The December Omnibus Bill’s Little Secret: It Was Also A Giant Health Bill

Opinion | Does America Have Too Much Debt? - The New York Times

Source: The New York Times, by Margot Sanger-Katz

The giant spending bill passed by Congress last month kept the government open. But it also quietly rewrote huge areas of health policy: Hundreds of pages of legislation were devoted to new health care programs.

The legislation included major policy areas that committees had been hammering away at all year behind the scenes — like a big package designed to improve the nation’s readiness for the next big pandemic. It also included items that Republicans had been championing during the election season — like an extension of telemedicine coverage in Medicare. And it included small policy measures that some legislators have wanted to pass for years, like requiring Medicare to cover compression garments for patients with lymphedema.

Though the bill was primarily designed to fund existing government programs, a lot of health policy hitched a ride.

Big, “must-pass” bills like the $1.7 trillion omnibus often attract unrelated policy measures that would be hard to pass alone. But the scope of the health care legislation in last month’s bill is unusual. At the end of 2022, congressional leaders decided to do something that staffers call “clearing the decks,” adding all the potentially bipartisan health policy legislation that was ready and written. There turned out to be a lot to clear.

The midterm election also played a role. Many lawmakers saw that the incoming Republican House majority would be far less likely to pass another big spending bill, and so the omnibus was widely viewed as a last legislative hurrah.

In fact, the new House leadership has pledged to avoid this sort of omnibus legislation in the future. House Speaker Kevin McCarthy has agreed to move smaller spending bills one at a time, and to allow lawmakers to propose amendments to each on the House floor. That process would make it much more difficult to combine future spending bills with unrelated policy measures, like a package in the bill that aims to modernize the country’s mental health system.

The coming change made the omnibus bill a critical opportunity to pass pieces of legislation that might have withered in the new Congress. Many of the health measures weren’t controversial enough to stop the omnibus from passing as one big bill. They might not have all succeeded on their own, however.

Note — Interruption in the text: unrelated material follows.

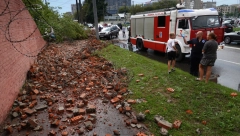 SABLASNI OLUJNI VETAR POKOSIO MOSKVU Za dan oštetio 35 automobila i oborio oko 40 stabala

Several retiring senators were eager to use the bill to pass favored measures and cement their legacies. Among departing senior Republicans were Richard Burr of North Carolina, who was the ranking member of the Senate Health, Education, Labor and Pensions Committee; Roy Blunt of Missouri, a Republican who was ranking member on the Senate Appropriations health subcommittee; and Richard Shelby of Alabama, vice chairman of the Senate Appropriations Committee. Legacies were also meaningful for the retiring Democrat Patrick Leahy, who was the chairman of Appropriations, as well as Nancy Pelosi, who was giving up her position as the top House Democrat.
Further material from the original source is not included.